The English language for many asylum seekers is a key to the world. For asylum seekers, learning English is not just about learning another language; it's a way to connect to the international community around them, while at the same time challenging themselves intellectually. However, the classes offer more than just a place to improve one’s English. The classes at JACC provide a safe place, and even a feeling of home. Despite what happens at work or at home, class is a different atmosphere. It is a place where teachers and students get to know each other and work together on their English, fostering feelings of support and creating friendships. Most classes are comprised of 4-7 students, who work together as a group through specially designed language-learning books. The ages and backgrounds of the teachers and the students vary, giving the classes a good balance and strong feelings of community.

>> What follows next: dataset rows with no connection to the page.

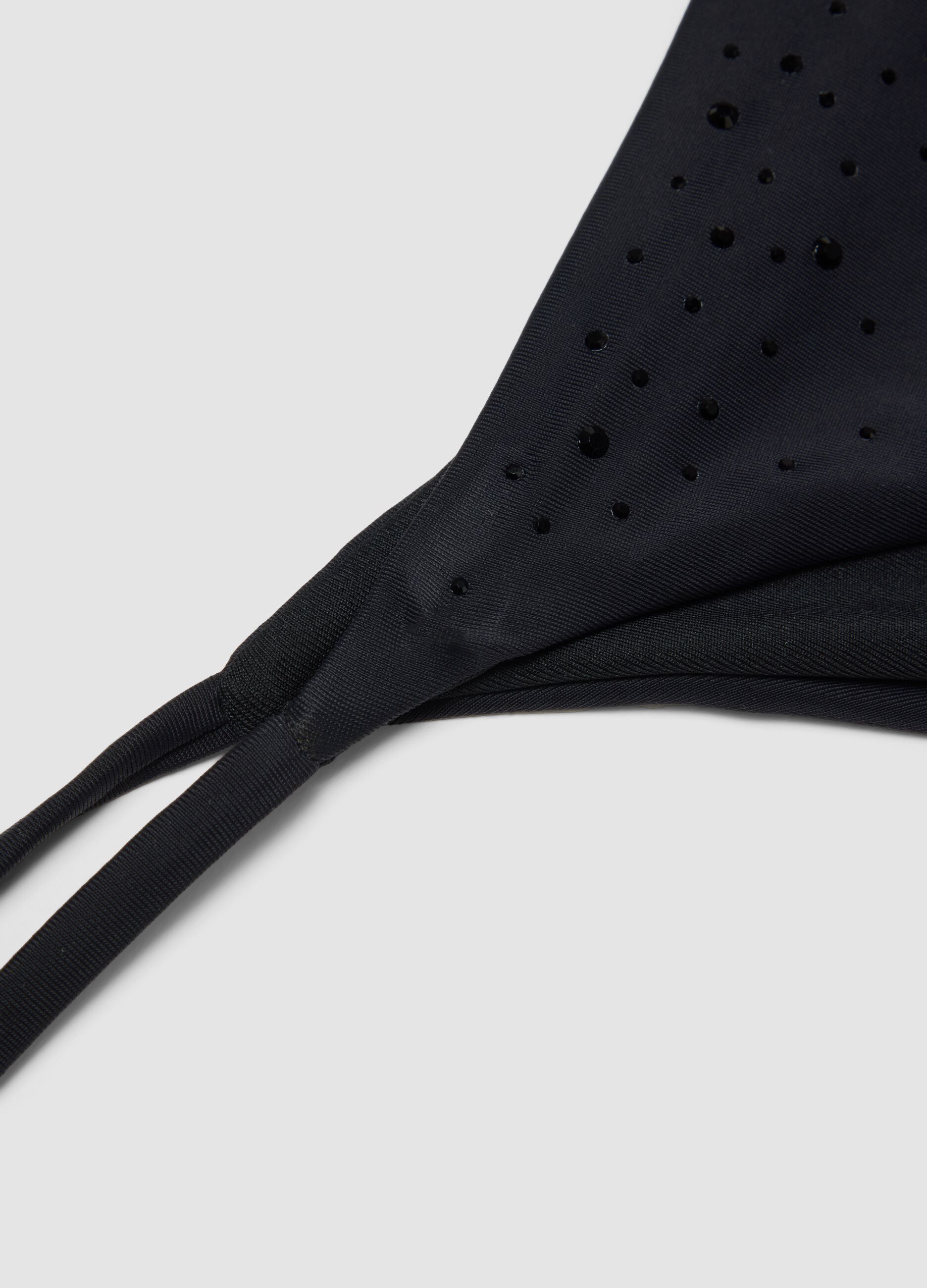 Black stretch bikini bottoms with sparkling details
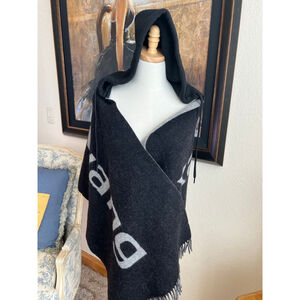 NWT alexanderwang Hooded Scarf One Size Black Gray
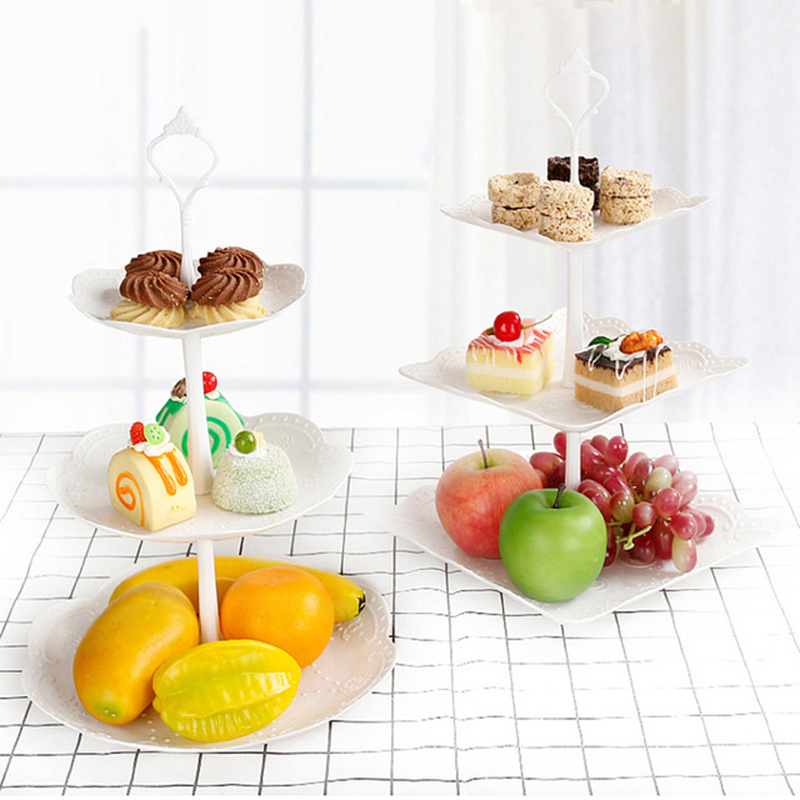 Three Layers Dessert Tray Plastic Serving Platter Cake Stand Tray Europe Round/Square Candy Pan Party Fruit Tray Kitchen Helper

Rachel, one of our volunteers, shares her experiences with a small story about learning future tense, “Yesterday we started learning the future tense and we began by learning how to shorten I will to I'll and will not to won't. I noticed that the students kept pronouncing 'won't' as 'went' and I explained the difference between the two words. Although they all understood the different meanings of the words, all the students had a hard time differentiating between the different sounds. After several rounds of everyone in the class trying to make 'E' and 'O' sounds, they all insisted that the two words still sounded exactly the same to them! We all had a good laugh about it and then went back to making up sentences about our future plans to cook chicken next week and play football next year.”
So, while our main goal is to teach and watch our students progress, adding elements of fun and laughter to the classes only adds to the feeling of community the classes nurture. Another volunteer teacher, Chavi, explains the demands and rewards of teaching English to a small group of Eritrean refugees. For her, the key to connecting to her students was through music. “I found the experience to be challenging and extremely rewarding. I had never taught English before and discovered that the language is really difficult, especially when compared to Hebrew, which I myself had been a student in similar style lessons. The students were eager to learn the language and would ask questions throughout the class to ensure they understood the concepts. We spent one lesson discussing Bob Marley, analyzing his life and his music. The students really enjoyed the lesson on Bob Marley and became quite animated when discussing why music is so important and how it brings people together.”
On the last day of the previous semester, all of the students from the two different English levels gathered in one of the classrooms together, over drinks and rugelach. Even though it was a hot summer in Israel, it didn't dampen the spirits of our students or teachers, as they all came twice a week to continue learning and improving their English. Together, we celebrated a great semester, and wished each other a happy new year. In October we reopened our classes and we are now holding classes daily in full throttle.